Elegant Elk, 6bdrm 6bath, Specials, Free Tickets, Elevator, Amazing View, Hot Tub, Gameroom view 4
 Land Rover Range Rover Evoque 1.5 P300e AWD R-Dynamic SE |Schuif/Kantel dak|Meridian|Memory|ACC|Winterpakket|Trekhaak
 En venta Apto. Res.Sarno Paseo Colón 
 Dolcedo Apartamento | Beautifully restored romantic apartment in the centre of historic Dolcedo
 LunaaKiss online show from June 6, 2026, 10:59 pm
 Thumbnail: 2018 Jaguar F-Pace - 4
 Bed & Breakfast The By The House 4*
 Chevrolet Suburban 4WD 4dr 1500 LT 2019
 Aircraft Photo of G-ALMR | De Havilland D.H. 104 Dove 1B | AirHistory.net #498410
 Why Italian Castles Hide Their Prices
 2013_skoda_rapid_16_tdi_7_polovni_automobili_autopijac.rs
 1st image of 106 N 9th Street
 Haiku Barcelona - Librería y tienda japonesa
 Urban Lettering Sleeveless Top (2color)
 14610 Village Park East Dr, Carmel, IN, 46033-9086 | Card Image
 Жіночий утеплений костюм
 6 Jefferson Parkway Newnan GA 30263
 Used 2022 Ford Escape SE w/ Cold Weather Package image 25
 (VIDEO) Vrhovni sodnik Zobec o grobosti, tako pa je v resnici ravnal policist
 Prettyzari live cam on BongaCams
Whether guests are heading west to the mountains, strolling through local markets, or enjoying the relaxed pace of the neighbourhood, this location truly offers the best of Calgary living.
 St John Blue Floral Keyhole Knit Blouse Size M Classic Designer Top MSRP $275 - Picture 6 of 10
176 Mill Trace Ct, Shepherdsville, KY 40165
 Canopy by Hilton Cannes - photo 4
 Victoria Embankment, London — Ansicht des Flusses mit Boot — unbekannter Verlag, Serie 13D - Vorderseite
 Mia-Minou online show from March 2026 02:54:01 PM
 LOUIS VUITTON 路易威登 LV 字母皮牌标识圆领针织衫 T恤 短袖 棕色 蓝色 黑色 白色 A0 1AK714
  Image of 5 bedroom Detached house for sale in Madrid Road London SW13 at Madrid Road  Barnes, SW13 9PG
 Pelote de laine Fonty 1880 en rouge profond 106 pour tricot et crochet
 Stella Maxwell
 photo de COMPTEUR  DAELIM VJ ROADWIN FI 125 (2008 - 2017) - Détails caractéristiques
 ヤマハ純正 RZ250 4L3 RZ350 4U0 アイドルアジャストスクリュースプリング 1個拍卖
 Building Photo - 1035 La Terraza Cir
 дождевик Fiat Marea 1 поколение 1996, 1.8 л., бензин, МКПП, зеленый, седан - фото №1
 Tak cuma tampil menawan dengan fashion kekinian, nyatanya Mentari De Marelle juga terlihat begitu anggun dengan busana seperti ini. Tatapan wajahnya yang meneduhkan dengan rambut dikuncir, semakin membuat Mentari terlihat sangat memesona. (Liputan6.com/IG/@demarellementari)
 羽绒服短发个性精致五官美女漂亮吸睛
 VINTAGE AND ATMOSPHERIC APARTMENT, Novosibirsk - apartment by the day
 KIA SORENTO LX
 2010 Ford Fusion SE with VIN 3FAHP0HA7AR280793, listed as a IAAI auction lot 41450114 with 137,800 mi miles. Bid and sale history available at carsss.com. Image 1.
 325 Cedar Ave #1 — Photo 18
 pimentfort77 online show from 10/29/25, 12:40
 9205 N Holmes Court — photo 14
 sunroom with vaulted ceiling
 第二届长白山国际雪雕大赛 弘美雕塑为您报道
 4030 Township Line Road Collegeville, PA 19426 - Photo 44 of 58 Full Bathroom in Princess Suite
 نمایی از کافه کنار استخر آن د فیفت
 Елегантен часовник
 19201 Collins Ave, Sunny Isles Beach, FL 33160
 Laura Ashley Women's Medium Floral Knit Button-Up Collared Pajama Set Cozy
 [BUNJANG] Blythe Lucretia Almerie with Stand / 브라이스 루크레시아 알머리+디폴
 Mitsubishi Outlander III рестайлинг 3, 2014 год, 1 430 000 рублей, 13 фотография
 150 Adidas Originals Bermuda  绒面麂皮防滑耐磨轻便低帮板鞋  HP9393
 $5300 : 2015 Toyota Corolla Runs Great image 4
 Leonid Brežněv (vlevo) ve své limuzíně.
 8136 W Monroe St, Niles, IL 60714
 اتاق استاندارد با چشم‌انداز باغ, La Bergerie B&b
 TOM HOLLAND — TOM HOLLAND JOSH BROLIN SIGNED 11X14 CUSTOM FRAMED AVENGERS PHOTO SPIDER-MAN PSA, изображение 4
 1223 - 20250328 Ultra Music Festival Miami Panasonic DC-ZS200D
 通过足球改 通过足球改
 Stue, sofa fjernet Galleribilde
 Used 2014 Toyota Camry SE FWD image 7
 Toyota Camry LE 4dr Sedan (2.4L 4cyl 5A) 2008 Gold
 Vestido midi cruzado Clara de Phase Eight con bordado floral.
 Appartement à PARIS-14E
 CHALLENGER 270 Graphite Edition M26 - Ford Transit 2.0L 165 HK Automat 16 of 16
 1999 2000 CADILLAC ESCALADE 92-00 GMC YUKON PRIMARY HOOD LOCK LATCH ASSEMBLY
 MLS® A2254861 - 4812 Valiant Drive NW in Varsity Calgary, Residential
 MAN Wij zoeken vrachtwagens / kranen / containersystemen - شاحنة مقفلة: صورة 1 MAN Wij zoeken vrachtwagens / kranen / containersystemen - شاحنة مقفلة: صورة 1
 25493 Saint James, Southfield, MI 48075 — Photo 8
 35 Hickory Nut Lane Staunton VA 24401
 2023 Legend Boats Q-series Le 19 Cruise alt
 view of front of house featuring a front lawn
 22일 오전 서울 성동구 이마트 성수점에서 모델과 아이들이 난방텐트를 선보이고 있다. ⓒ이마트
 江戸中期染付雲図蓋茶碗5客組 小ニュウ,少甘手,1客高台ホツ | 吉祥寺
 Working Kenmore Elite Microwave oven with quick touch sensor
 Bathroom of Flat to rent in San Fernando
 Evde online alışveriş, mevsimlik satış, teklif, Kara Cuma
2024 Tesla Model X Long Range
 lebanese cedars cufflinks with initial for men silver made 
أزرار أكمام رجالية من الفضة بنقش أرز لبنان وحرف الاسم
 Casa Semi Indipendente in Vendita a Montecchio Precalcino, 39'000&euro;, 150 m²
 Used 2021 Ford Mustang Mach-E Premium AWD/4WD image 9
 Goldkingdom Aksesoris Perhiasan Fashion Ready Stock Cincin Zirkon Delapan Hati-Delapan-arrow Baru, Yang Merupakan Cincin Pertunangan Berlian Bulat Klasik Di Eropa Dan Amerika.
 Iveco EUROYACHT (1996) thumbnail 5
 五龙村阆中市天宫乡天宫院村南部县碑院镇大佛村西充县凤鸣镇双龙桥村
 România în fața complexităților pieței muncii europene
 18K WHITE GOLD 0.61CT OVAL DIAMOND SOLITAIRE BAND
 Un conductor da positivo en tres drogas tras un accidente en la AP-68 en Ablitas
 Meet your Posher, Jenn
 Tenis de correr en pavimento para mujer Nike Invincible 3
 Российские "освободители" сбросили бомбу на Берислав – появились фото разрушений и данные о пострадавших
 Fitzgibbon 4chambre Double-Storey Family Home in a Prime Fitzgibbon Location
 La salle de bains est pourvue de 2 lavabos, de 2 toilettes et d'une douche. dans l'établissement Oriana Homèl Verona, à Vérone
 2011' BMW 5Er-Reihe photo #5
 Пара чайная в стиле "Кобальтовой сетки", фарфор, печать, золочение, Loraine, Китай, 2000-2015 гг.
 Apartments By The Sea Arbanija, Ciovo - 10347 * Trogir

☆ ☆ ☆ ☆ ☆ ☆ ☆

● **TASK**: Each line from the one containing "Casa Semi Indipendente" to the final line of the entries above must be returned exactly, and no other line may appear.

● **EXERCISE OUTPUT**:
 Casa Semi Indipendente in Vendita a Montecchio Precalcino, 39'000&euro;, 150 m²
 Used 2021 Ford Mustang Mach-E Premium AWD/4WD image 9
 Goldkingdom Aksesoris Perhiasan Fashion Ready Stock Cincin Zirkon Delapan Hati-Delapan-arrow Baru, Yang Merupakan Cincin Pertunangan Berlian Bulat Klasik Di Eropa Dan Amerika.
 Iveco EUROYACHT (1996) thumbnail 5
 五龙村阆中市天宫乡天宫院村南部县碑院镇大佛村西充县凤鸣镇双龙桥村
 România în fața complexităților pieței muncii europene
 18K WHITE GOLD 0.61CT OVAL DIAMOND SOLITAIRE BAND
 Un conductor da positivo en tres drogas tras un accidente en la AP-68 en Ablitas
 Meet your Posher, Jenn
 Tenis de correr en pavimento para mujer Nike Invincible 3
 Российские "освободители" сбросили бомбу на Берислав – появились фото разрушений и данные о пострадавших
 Fitzgibbon 4chambre Double-Storey Family Home in a Prime Fitzgibbon Location
 La salle de bains est pourvue de 2 lavabos, de 2 toilettes et d'une douche. dans l'établissement Oriana Homèl Verona, à Vérone
 2011' BMW 5Er-Reihe photo #5
 Пара чайная в стиле "Кобальтовой сетки", фарфор, печать, золочение, Loraine, Китай, 2000-2015 гг.
 Apartments By The Sea Arbanija, Ciovo - 10347 * Trogir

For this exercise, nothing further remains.